We currently set the aws-node pod to be privileged, but that might not be needed.
Check if CAP_NET_ADMIN and CAP_DAC_OVERRIDE is enough to set the RDF check to loose and copy the binary and config file:
Unfortunately, having the capabilities limited to ["NET_ADMIN", "DAC_OVERRIDE"] is not enough to write to /proc/sys/net/*. From the logs:
[DEBUG] Setting RPF for primary interface: /proc/sys/net/ipv4/conf/eth0/rp_filter
[ERROR] Failed to set up host networkfailed to configure eth0 RPF check: open /proc/sys/net/ipv4/conf/eth0/rp_filter: read-only file system
[ERROR] Initialization failure: ipamd init: failed to set up host network: failed to configure eth0 RPF check: open /proc/sys/net/ipv4/conf/eth0/rp_filter: read-only file system
Looks like only for privileged pod, /proc gets mounted with write access.
There are few ways to remove privileged pod permission for aws-node,
1) Set the rp_filter through init container.
initContainers:
- command:
- sh
- -c
- sysctl net.ipv4.conf.eth0.rp_filter=2
image: golang:1.13-stretch
name: rp_filter_setting
securityContext:
privileged: true
2) Set the rp_filter when the ec2 instance starts up. But the problem with this approach is, if anyone builds custom AMI then they have to make sure this change is added to their AMI build scripts.
3) Enabling unsafe sysctl - https://kubernetes.io/docs/tasks/administer-cluster/sysctl-cluster/#enabling-unsafe-sysctls but this doesn't help us, because https://github.com/kubernetes/kubernetes/blob/7f23a743e8c23ac6489340bbb34fa6f1d392db9d/pkg/kubelet/sysctl/whitelist.go#L89 kubelet rejects the pod allocation when net.* sysctl is used along with host network.
This leave us with option-1 being more suitable for our usecase.
Proposed solution:
1) Add a flag that instructs aws-node pod whether to perform or skip setting rp_filter value for eth0.
2) Add init container as described above and remove "privileged" mode for aws-node.
3) At later time, deprecate the flag and remove it completely from aws-node.
feel like we should use src_valid_mark instead: https://github.com/torvalds/linux/commit/28f6aeea3f12d37bd258b2c0d5ba891bff4ec479
BTW, it's indeed possible to trick without any sysctl setting, like mangle traffic from eth0 with a custom tos value, and have a route policy for that tos value to use main table. but it's a bit tricky.
https://github.com/torvalds/linux/blob/v4.14/net/ipv4/route.c#L1879
https://github.com/torvalds/linux/blob/v4.14/net/ipv4/route.c#L1660
https://github.com/torvalds/linux/blob/v4.14/net/ipv4/route.c#L1679
https://github.com/torvalds/linux/blob/v4.14/net/ipv4/fib_frontend.c#L315
This PR #130 where the code was added has some good comments.
Nice dive depp @M00nF1sh.
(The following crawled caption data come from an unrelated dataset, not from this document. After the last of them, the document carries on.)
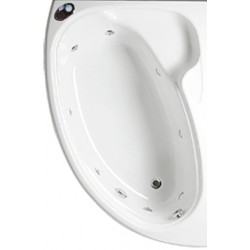 Whirpool bathtub Offset 155x95 material: Quaryl Carronite right, color: White Offset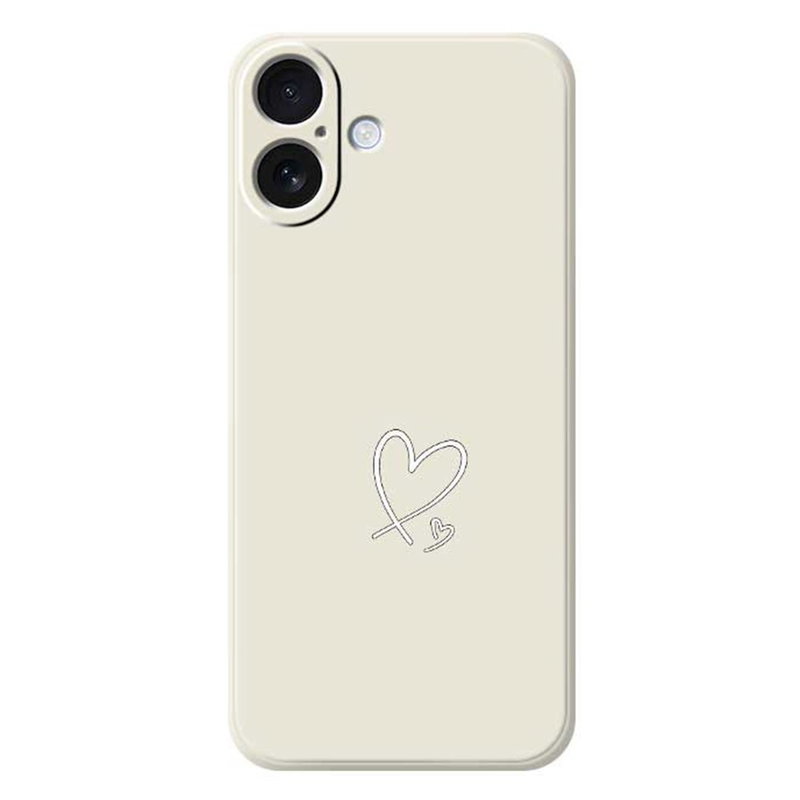 iPhone 17 Silikone Cover med Hjerter - Beige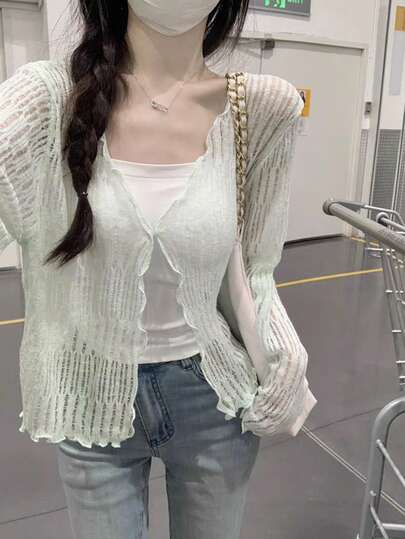 Women's Casual Solid Color Sheer Knit Cardigan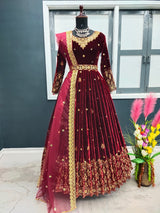 Adorable Red Color Sequence Work Velvet Gown
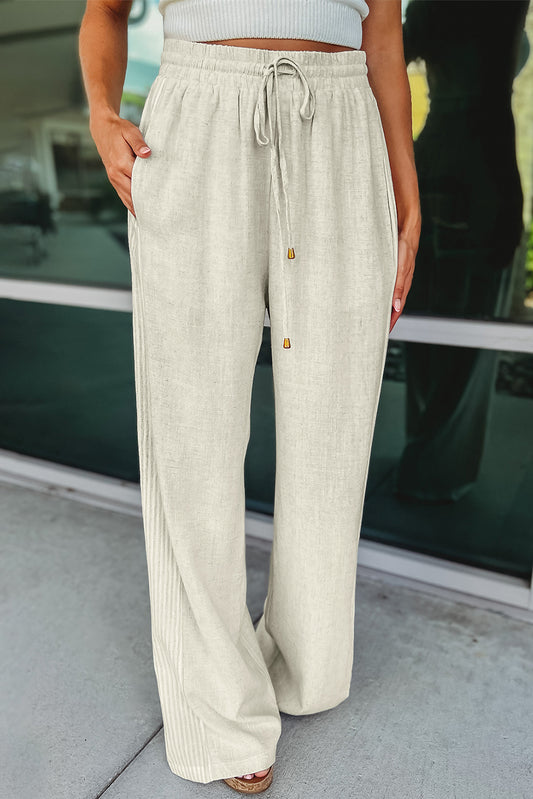 Striped Patchwork Drawstring Linen Pants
I tested both of your suggestions and both seems to work fine
# with TOS
sudo iptables -A PREROUTING -t mangle -i eth0 -m comment --comment "AWS, primary ENI" -m addrtype --dst-type LOCAL --limit-iface-in -j TOS 鈥攕et-tos 0x08
sudo ip rule add pref 1025 tos 0x08 table main
# with MARK
sudo iptables -A PREROUTING -t mangle -i eth0 -m comment --comment "AWS, primary ENI" -m addrtype --dst-type LOCAL --limit-iface-in -j MARK 鈥攕et-xmark 0x80/0x80
sudo sysctl net.ipv4.conf.eth0.src_valid_mark=1
Removed 'if' block from https://github.com/aws/amazon-vpc-cni-k8s/blob/1ee59a06c597c62aa93e85fc1d2eedef553707a3/pkg/networkutils/network.go#L228 and was able to get aws-node running with following security context.
securityContext:
capabilities:
add:
- NET_ADMIN
We should continue the above investigation, but for context I note we read-write mount the host's /var/log (can rewrite logs) and /var/run/docker{,shim}.sock (host root equiv) into the aws-node container. We will also need to drop/reduce these hostPath volumes somehow before privileged=false has any meaning.
For now, I'm thinking of checking if we have write access to net.ipv4.conf.eth0.rp_filter file then update the rp_filter otherwise don't update. With this we don't have to introduce another env variable to have users to decide whether to do this operation or not. This would simplify user experience with respect to updates (would help both variants of updates that users performs - just editing aws-node ds version number as well as applying the manifest completely)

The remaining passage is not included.